Wherever pictures appear in the listing below, leave them out, and copy exactly, and only, everything from the line with "[TodoMarino.com] Vida en" down to the line with "央媒看河南｜关注河南小麦收购、高考保障等内容".

## Entries provided
_ _ _ _ _ _ _

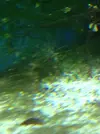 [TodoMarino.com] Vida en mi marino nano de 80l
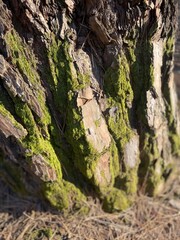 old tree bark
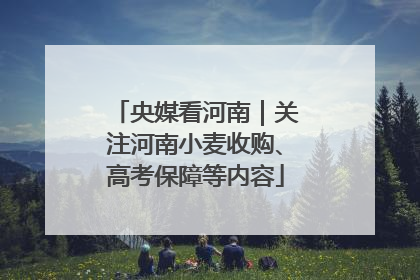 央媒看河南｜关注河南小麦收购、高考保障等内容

_ _ _ _ _ _ _

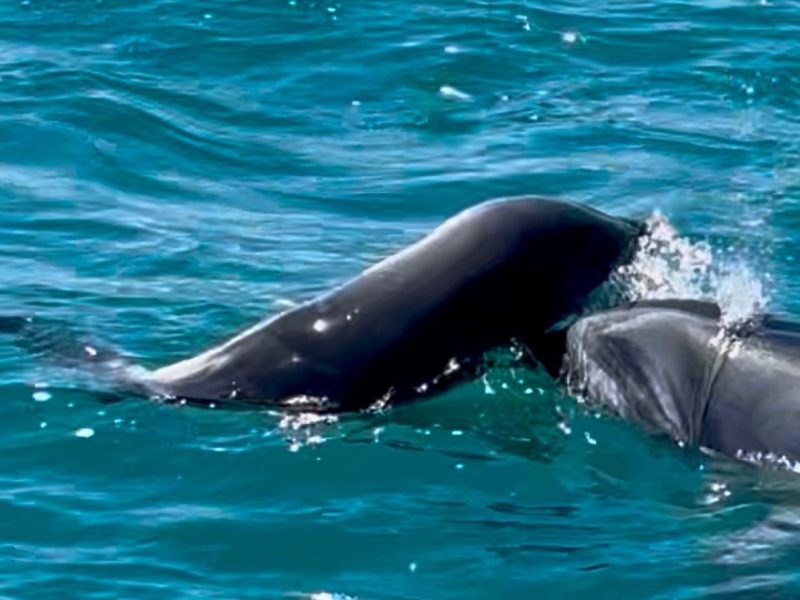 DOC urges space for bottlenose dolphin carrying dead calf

_ _ _ _ _ _ _

## Problem solution
 [TodoMarino.com] Vida en mi marino nano de 80l
 old tree bark
 央媒看河南｜关注河南小麦收购、高考保障等内容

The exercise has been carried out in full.